Y los atontados de la red, que enseguida empiezan a redoblar los tambores sin que venga a cuento, pues nada, que sigan tocando el tambor, como don Nicanor, y que ya les irá de vuelta tarde o temprano, porque arrieritos somos...

En cuanto a C's, si quiere seguir manteniendo su importante número de simpatizantes -registrados o no- más vale que keep calm y no vaya por ahí diciendo tonterías porque eso es malo para la credibilidad, tan etérea, tan tenue...

A buen... pocas.

La doctrina de la violencia

15-M, movilizaciones contra los tarifazos del transporte público en Barcelona, mareas verdes, amarillas y no sé de cuántos colores más, protestas diversas a base de sentadas, manifestaciones festivas y un largo etcétera de derroche imaginativo. Y no se consigue absolutamente nada. El autismo de los políticos por toda respuesta.

Gamonal, Sants, palos, piedras, gasolina, heridos, detenidos, incendios, cristales rotos, contenedores ardiendo... Y se cubren objetivos. Los políticos se cagan y se la envainan.

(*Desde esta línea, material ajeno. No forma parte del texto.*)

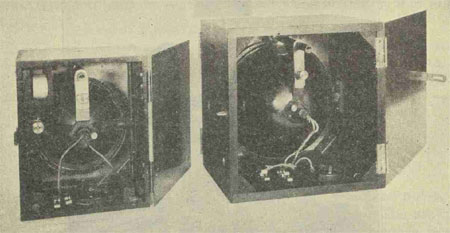 Electric Lamps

Después, aparecen en ruedas de prensa investidos a fuer del mismísimo Gandhi clamando contra la violencia, predicando que con la paz y la negociación se consigue todo, pero que por las bravas nunca se consigue nada. Y lo único que muestran, verdaderamente, es su tremendo miedo a que la cosa se les vaya de las manos, a que los incendios se extiendan, a que una protesta local alcance una dimensión global y sistémica. Apagar como sea el fuego de las cortinas antes de que arda todo el edificio. Hace ya años que están aterrorizados ante la simple idea de una primavera española sabedores de que millones de ciudadanos sonríen ante esa posibilidad.

Pero el mensaje que verdaderamente emiten ellos, más allá de sus hipocresías, de sus cinismos y de sus estupideces, por encima de sus lugares comunes de chorradas políticamente correctas, es que las cosas sólo se consiguen haciendo gasto en antidisturbios. No atienden a la razón, sólo al palo.

¿Quién es el verdaderamente violento? ¿El que lanza la botella de inflamable o el que no cede un milímetro en horas, días, semanas, meses de negociación pacífica y se allana completamente a las pocas horas de follón?

¿Quién fomenta, quién propugna la violencia?